A spectroradiometer is a scientific instrument used to measure the power of light at different wavelengths. In PV testing, it captures the exact „spectral fingerprint“ of a solar simulator’s flash, allowing it to be compared to the AM1.5G standard.
How often should a solar simulator’s spectrum be checked?
Best practice is to check the spectrum regularly, especially after a lamp change, as the spectrum can shift as lamps age. For critical R&D and quality assurance, it should be verified before any major test series involving new cell technologies.
Is spectral mismatch a problem for PERC modules too?
Yes, but to a lesser degree. Because the spectral response of PERC is closer to that of traditional reference cells, the mismatch effects are often smaller. The problem becomes much more pronounced with TOPCon and HJT cells due to their enhanced infrared response.
Can I use the same correction factor for all my modules?
No. The MMF depends on the specific spectral response of the module you are testing. A correction factor calculated for a TOPCon module will not be accurate for an HJT or PERC module. You need the SR data for each type of cell technology you test.
What does a „Class A“ spectral match really mean?
According to the IEC 60904-9 standard, Class A spectral match means the light intensity in six distinct wavelength bands is within 25% (0.75x to 1.25x) of the AM1.5G standard.
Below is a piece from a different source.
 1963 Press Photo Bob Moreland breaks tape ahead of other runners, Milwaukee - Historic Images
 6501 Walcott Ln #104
This allows for significant spectral deviation, which is why calculating a precise MMF is still necessary for high-accuracy measurements.
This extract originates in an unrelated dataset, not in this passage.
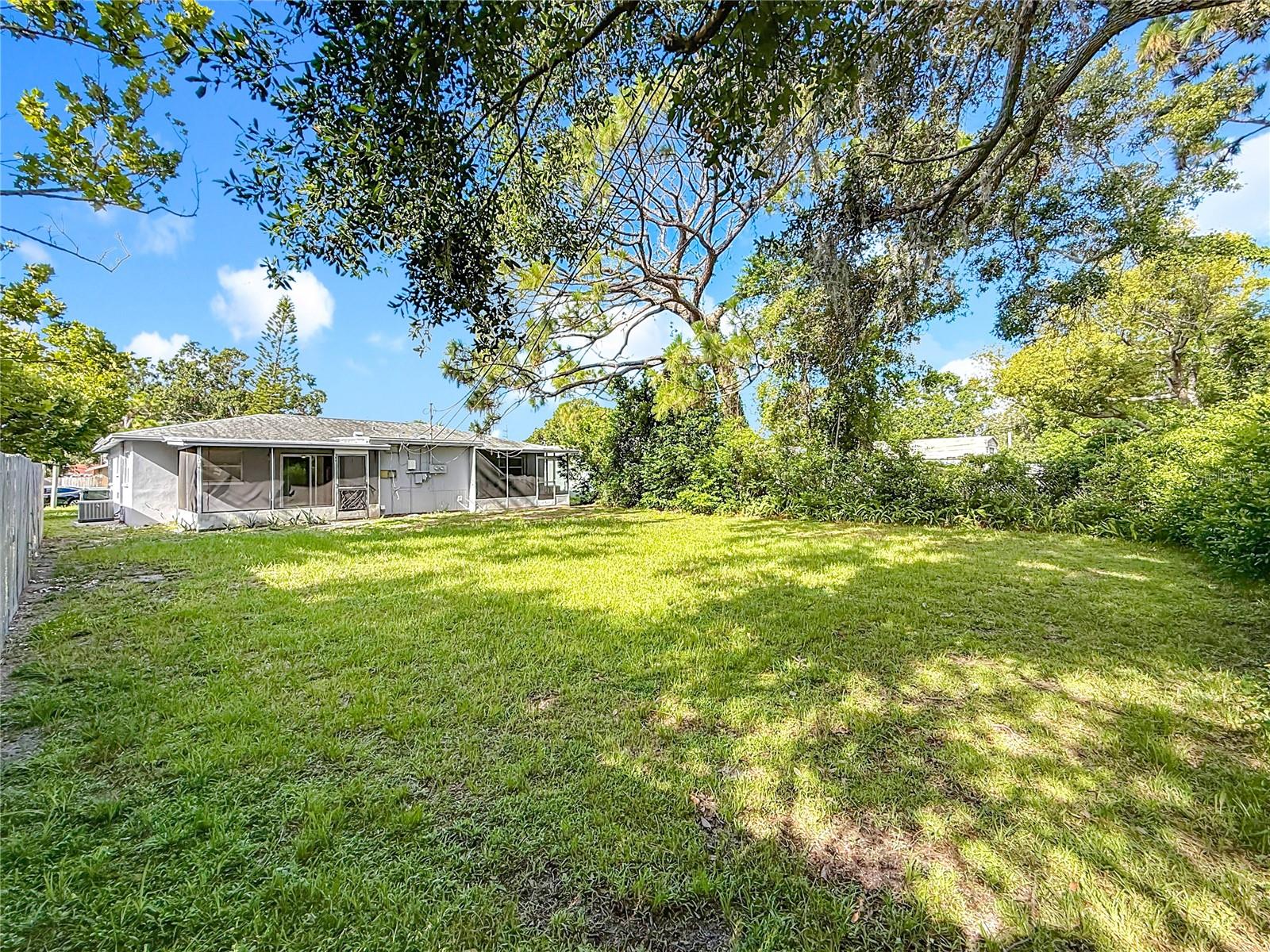 Listing photo id 21 for 2319 18th Avenue Sw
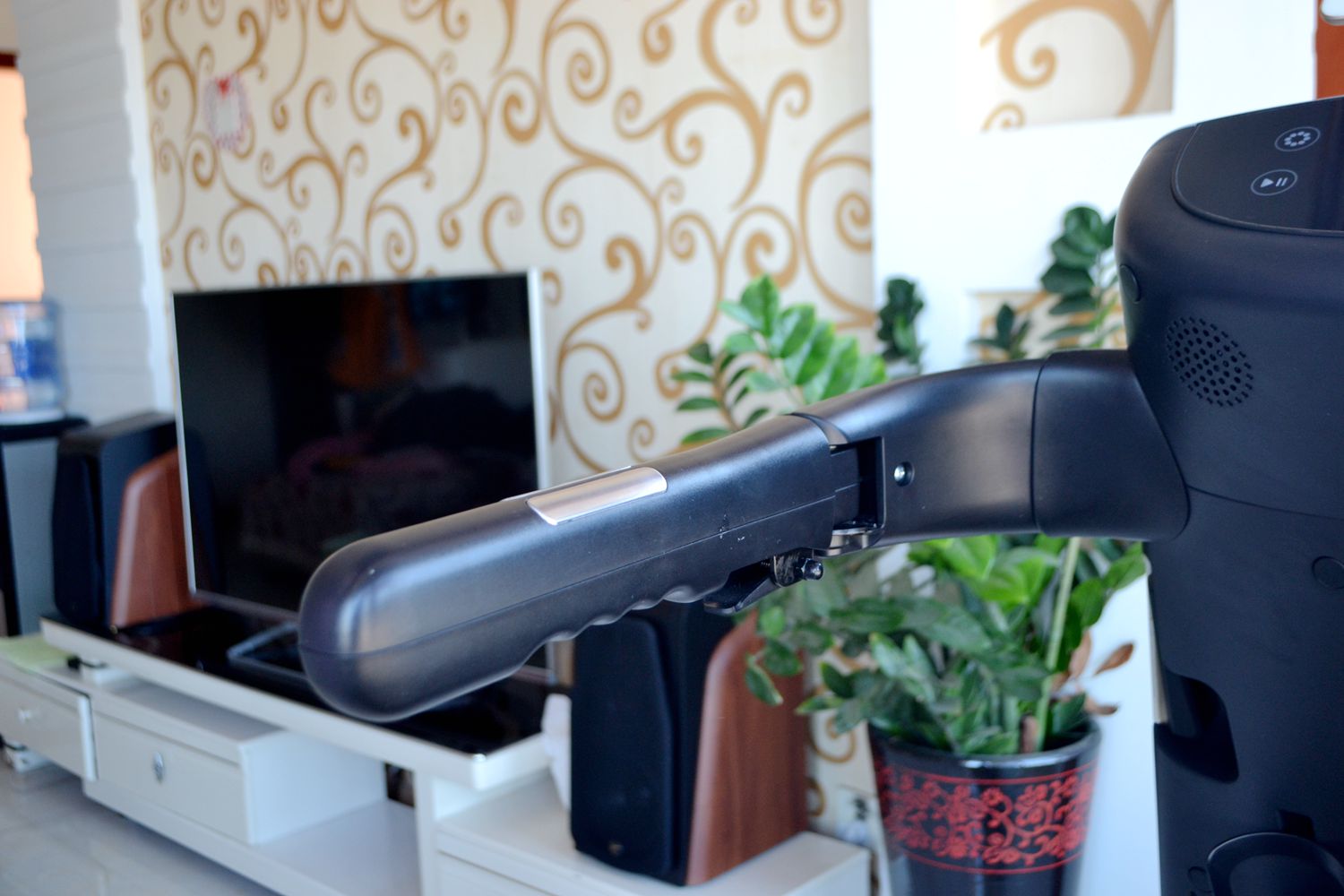 野小兽p30智能跑步机测评,野小兽p30跑步机开箱视频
Your Next Step to Measurement Certainty
The I-V curve provides the numbers, but the spectrum provides the context. As solar technology continues to advance, we can no longer afford to ignore the quality of the light source used for testing.
Understanding and correcting for spectral mismatch is no longer an academic exercise—it’s a fundamental part of modern quality assurance. It’s the hidden variable that ensures the performance you engineer in the lab is the same performance your customers get in the field.
Before you finalize your next module design or sign off on a production batch, ask a simple question: „Have we accounted for spectral mismatch?“ The answer could be the difference between market leadership and costly mistakes.